With school about to begin in many parts of the country, it’s time to think about some of the steps you can take to help your child have a successful academic year.
It may go without saying, but no two kids are the same, and every child’s home and learning environments are unique. That said, there are several things that can be key to a child with cerebral palsy starting their school year off right.
The six tips below may help you support your child as they begin the next year in their academic journey.
1. Communicate Positively With Your Child's Attendant
Some children with cerebral palsy will require an attendant to be in class with them for all or part of the school day. Cultivating a positive relationship with your child’s attendant is crucial for your child’s success. It can also bring you better peace of mind, knowing that your child is in good hands.
Be sure that you communicate well with your child’s attendant, so that they have a better understanding of when your child needs assistance and when they need independence. Attendants can be a great asset for your child, and in many cases they can help your child learn at the pace and in the manner that suits them best.
2. Know That Not Everyone Will "Get It Right"

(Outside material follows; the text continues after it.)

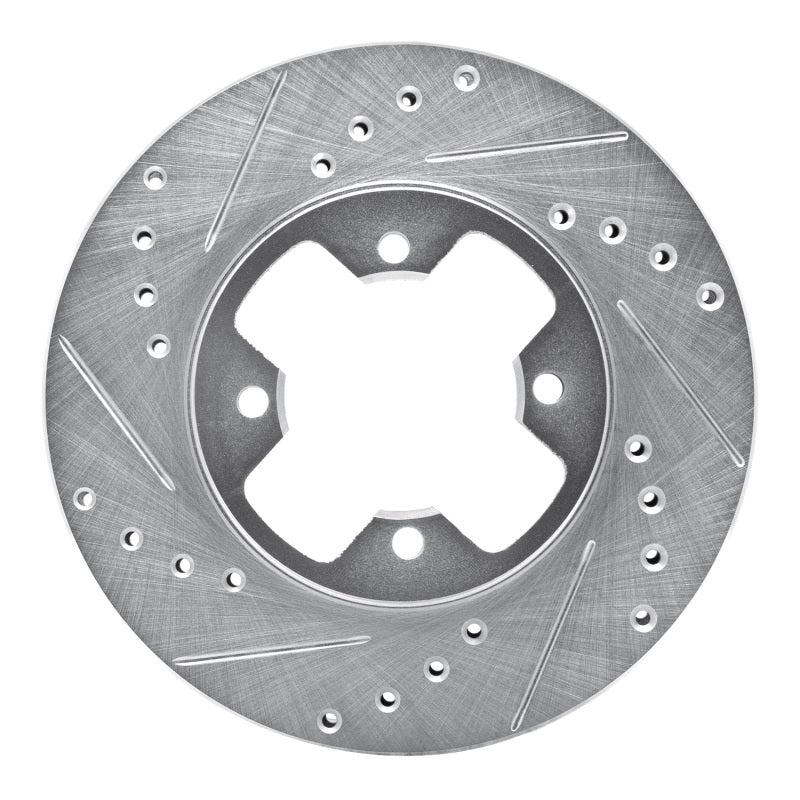 R1 Concepts R1 79-83 Nissan 280ZX Front Left Drilled & Slotted Silver Brake Rotor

Even the most well-intentioned teachers and school staff sometimes make mistakes or are not attentive to your child’s unique needs. As Jessica Grono writes in her article “Advice for Cerebral Palsy Students to Thrive in School,” when teachers or school staff say something without thinking or do something shortsighted, these are “teachable moments” for them.
When such an incident occurs, your child may wish to address the situation themselves. If they don't, you should ask your child whether or not they want you to reach out to the faculty or staff member to discuss the incident. As Grono points out, education has been steadily improving — and many teachers are better equipped to work well with children with disabilities.
3. Put Time and Energy Into Your Child's IEP
Many children with cerebral palsy will qualify for an individual education plan (IEP). An IEP is a written legal document that outlines the type of instruction and services your child will receive during their time in the public school system. An IEP can help parents better understand how special education services will best support their child’s learning processes.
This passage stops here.